Webinar – PV Tools on the Web: In My Backyard and the Open PV Mapping Project
March 24, 2010
Sponsored by the U.S. Department of Energy Technical Assistance Project for state and local officials, this Webinar discussed how to use the In My Backyard and the OpenPV Project tools for installing photovoltaic (PV) technologies.
- In My Backyard: Presentation for March 24 TAP Webinar
Presentation by Christopher Helm, National Renewable Energy Laboratory (NREL)
- NREL's PV Tools on the Web: OpenPV Project
Presentation by Ted Quinby, NREL
About the Presenters
There were two presenters at the Webinar:
Christopher Helm is a geographic information system (GIS) developer within the Data Analysis and Visualization Group in NREL's Strategic Energy Analysis Center. He is the project lead for the IMBY and the Open PV Mapping Project. His expertise includes Web-based data visualization, geospatial mapping, and renewable energy data analysis.

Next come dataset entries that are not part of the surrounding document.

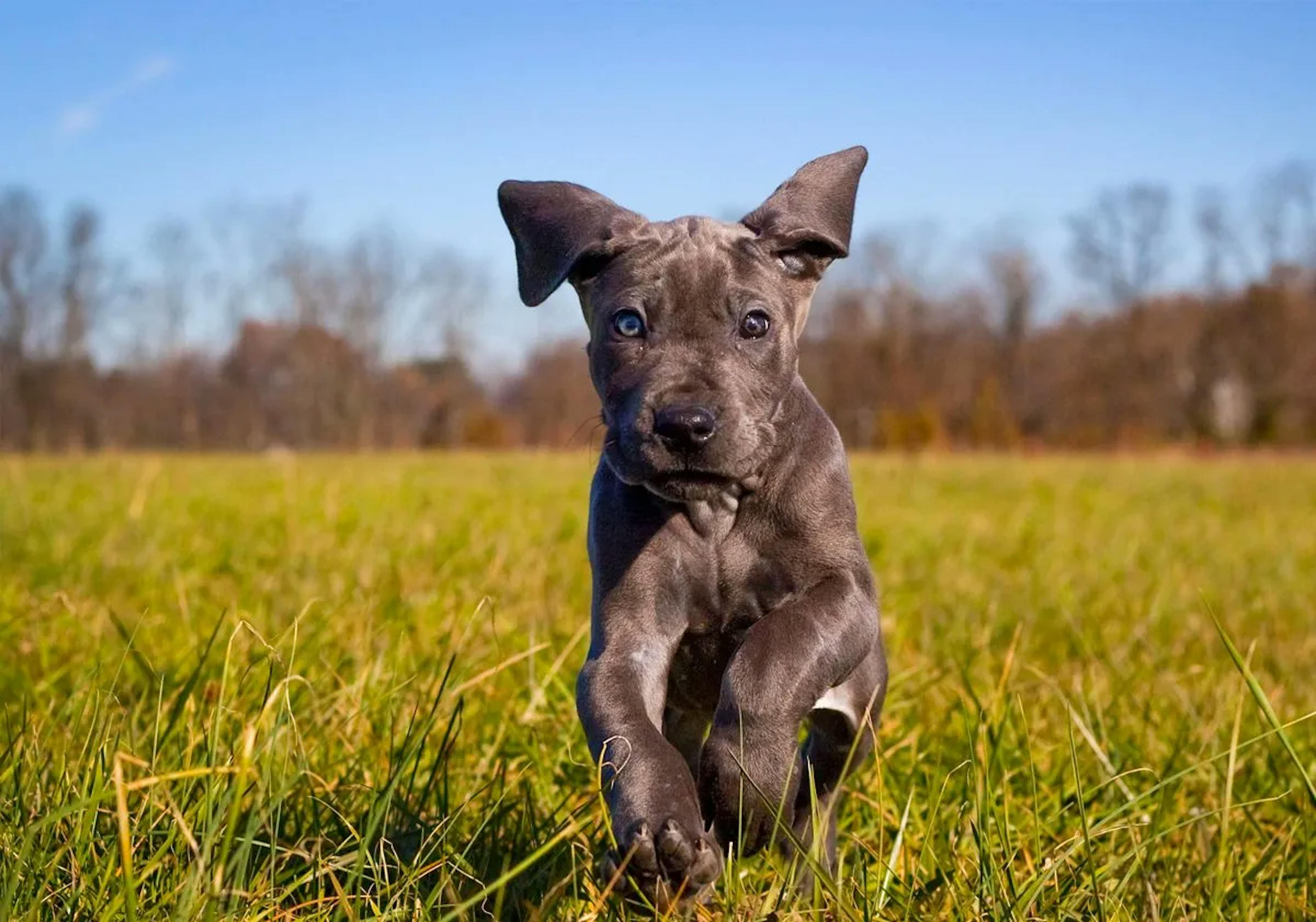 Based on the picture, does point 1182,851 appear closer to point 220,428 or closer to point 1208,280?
point 220,428

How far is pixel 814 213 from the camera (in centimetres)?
272

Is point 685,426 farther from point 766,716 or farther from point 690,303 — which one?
point 766,716

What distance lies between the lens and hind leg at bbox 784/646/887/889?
8.91ft

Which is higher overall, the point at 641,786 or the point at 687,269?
the point at 687,269

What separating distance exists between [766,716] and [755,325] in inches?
33.3

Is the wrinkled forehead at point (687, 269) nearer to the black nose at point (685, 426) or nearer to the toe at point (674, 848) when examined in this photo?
the black nose at point (685, 426)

Ted Quinby works as a GIS application developer at NREL, where his work focuses on the application of innovative mapping and visualization tools to promote the use of renewable energy technologies.
Here you can read about the two PV tools presented at the Webinar or link directly to them.
In My Backyard (IMBY)
IMBY estimates how much electricity you can obtain from a small solar or wind installation located on your property or in your backyard. It is designed for use by homeowners and small business owners based on your location. IMBY will also estimate a simple payback for a small PV or wind installation, list incentives, and outline the general impact on monthly electric bills.
In November 2009, NREL analysts used IMBY to estimate the amount of roof space available for PV arrays in various areas of New York and produce a report titled Interconnecting PV on New York City's Secondary Network Distribution System.
Open PV Mapping Project
Also in November 2009, NREL launched an online database of PV installations in the United States. This online tool allows users to explore trends in PV cost and installed capacity over time for the country or at a particular location, county, or state. The Open PV Mapping Project is open to inputs from participants who want to share data and improve the understanding of the PV market in the United States.